As the cost of refraining from entirely rebuilding program, the in situ modification causes the redundant codes existing in the main program. Due to the impact of the redundant codes on memory space and the execution time, rebuilding program is inevitable.

Therefore, we also design a lightweight segmented rebuilding which rebuild program in each special rebuilding block group (RBG). By this rebuilding, each memory unit is read or written by one time. Moreover, the rebuilding procedure completely occurs in the MCU inside without the participatory of the external component such as the external flash.

To demonstrate the advantage of EasiLIR, we conduct a series of experiments under realistic updating cases. Compared with the other two existing reprogramming system: Deluge and R2, experiment results show the outperformance of EasiLIR with respect to the energy efficiency.

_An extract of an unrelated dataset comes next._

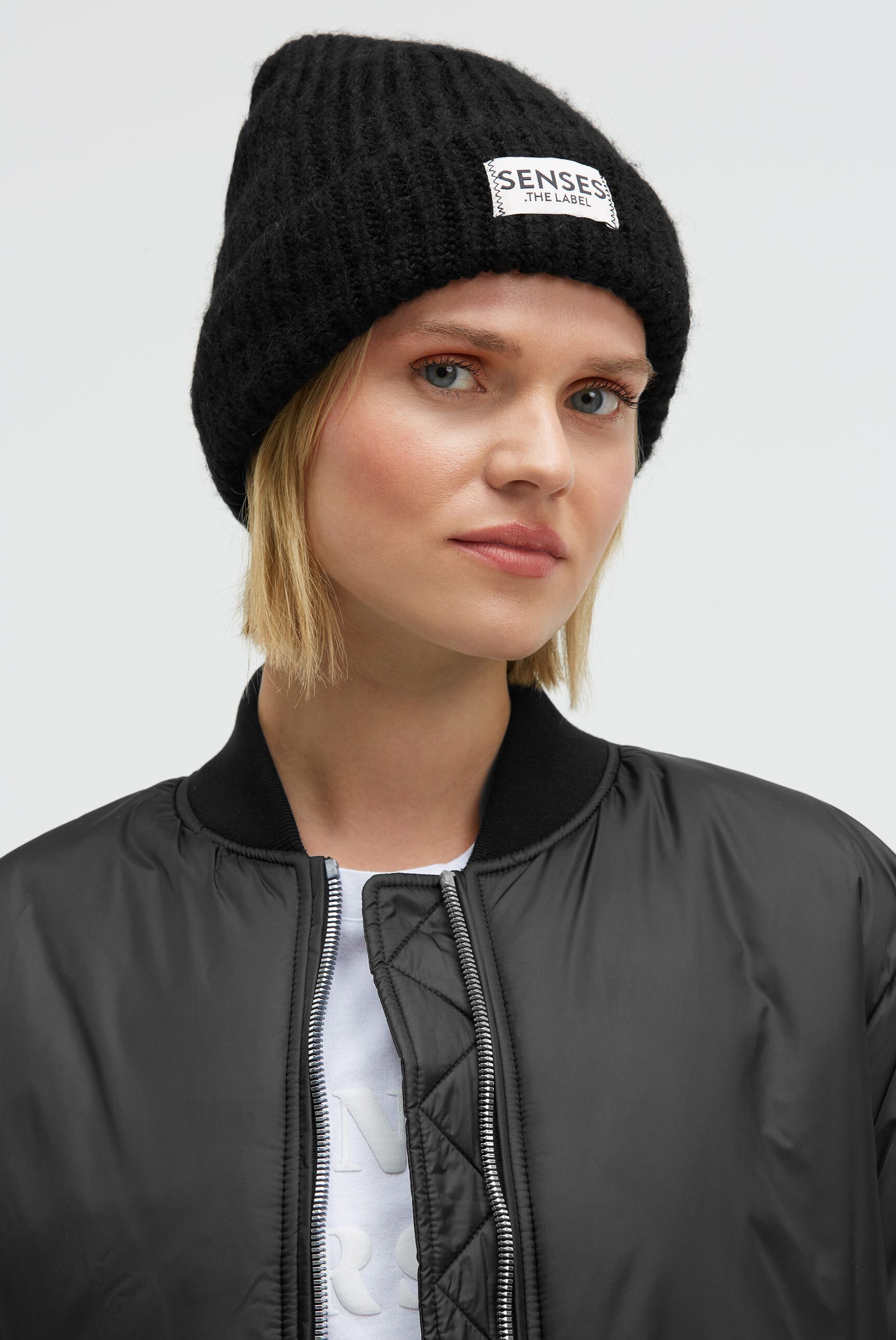 SENSES.THE LABEL Strickmütze mit breitem Umschlag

Our contributions in this paper can be summarized in the following.

(1)

We present an in situ modification mechanism which minimizes the r/w operations on nonvolatile memory and alternatively saves inserting codes in volatile memory. To realize the in situ modification, three basis commands are redefined.

(2)

We also present a lightweight segmented rebuilding to entirely rebuild program at fewer r/w operations on nonvolatile memory than the traditional rebuilding.

(3)

Based on the abovementioned methods, EasiLIR is designed to be a practical energy-efficient approach to meet the requirement of sensor network reprogramming. We conduct experiments with EasiLIR, R2, and Deluge on TinyOS [5] and Ez240 node [6].

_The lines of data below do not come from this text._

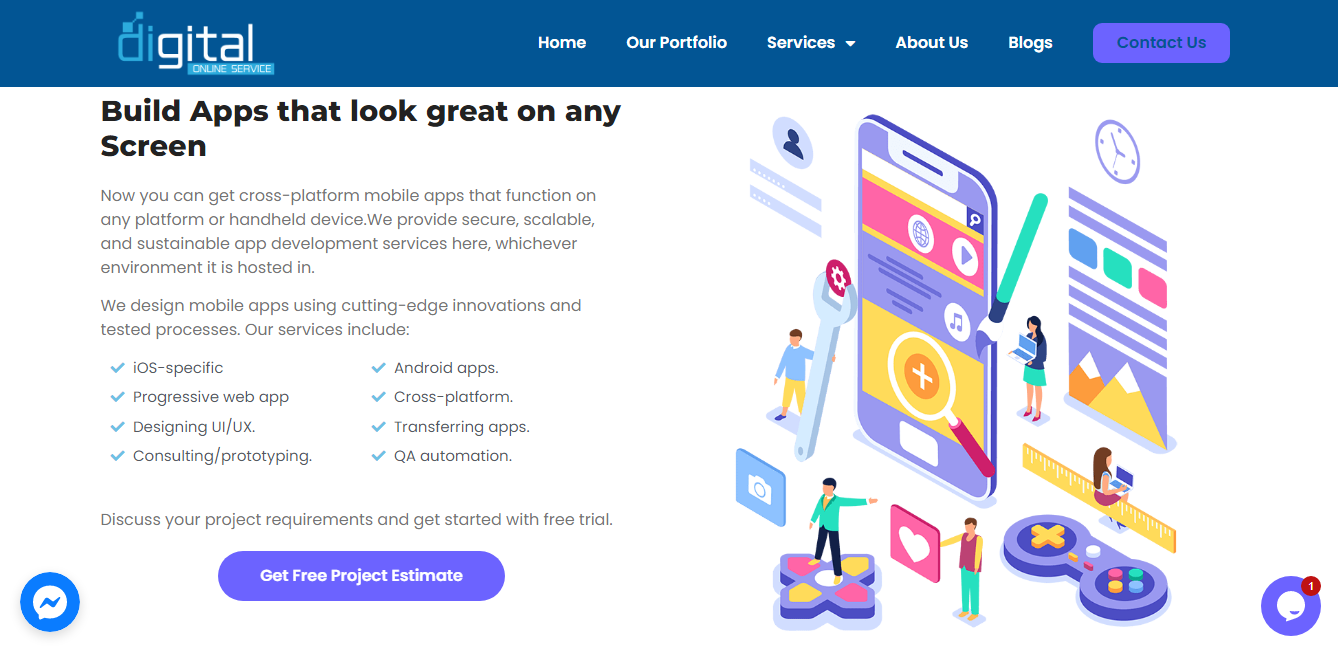 digital online services ui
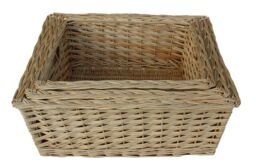 Red Hamper Wicker Set of 3 Kitchen Storage Basket in Brown - thumbnail 2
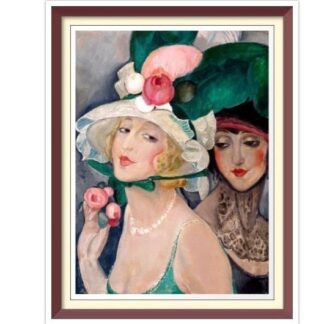 Gerda Wegener Cross Stitch Pattern: Two Women with Hats (PDF Pattern)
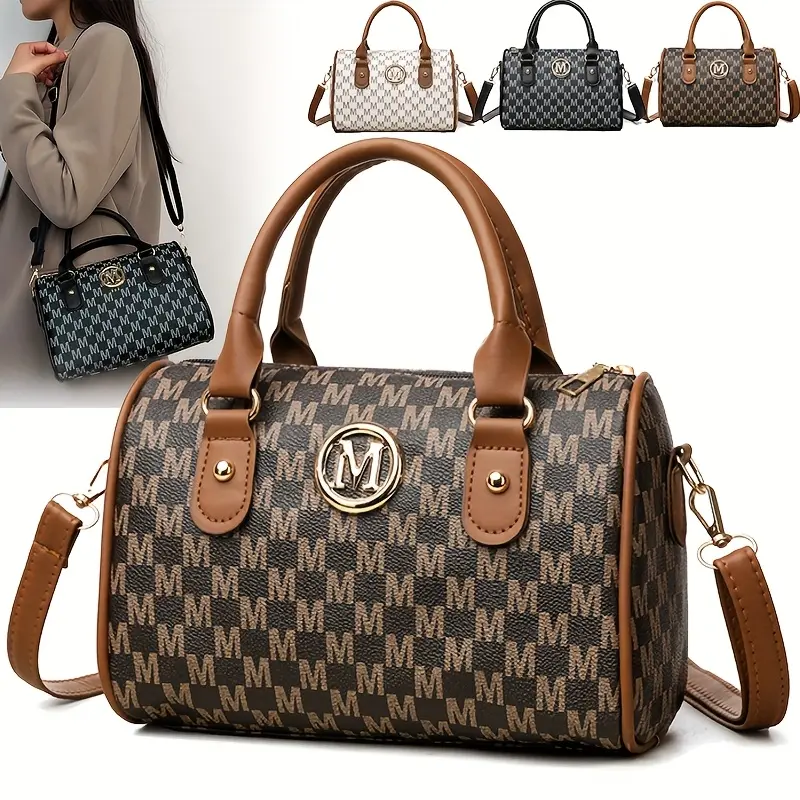 Women's Small Shoulder Crossbody Bag with Golden "M" Design, Synthetic Faux Leather Purse for Work, Travel, Parties & Gifts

The rest of this paper is structured as follows. Section 2 discusses the related work. Section 3 gives the motivation of our work. Section 4 presents the design details. Section 5 describes implementation stages of EasiLIR. Section 6 presents the experiment results. We discuss the limitation of EasiLIR and future work in Section 7. Finally, we conclude our work in Section 8.

2. Related Work

The energy efficiency of wireless reprogramming is key issue in sensor networks. However, the earlier studies such as Deluge [7] give no consideration to energy efficiency. It needs to disseminate the new image and the reprogramming protocol. Stream [8] attempts to reduce the number of transferred bytes by preinstalling the reprogramming protocol in the target node, but it still transmits the new updated program image.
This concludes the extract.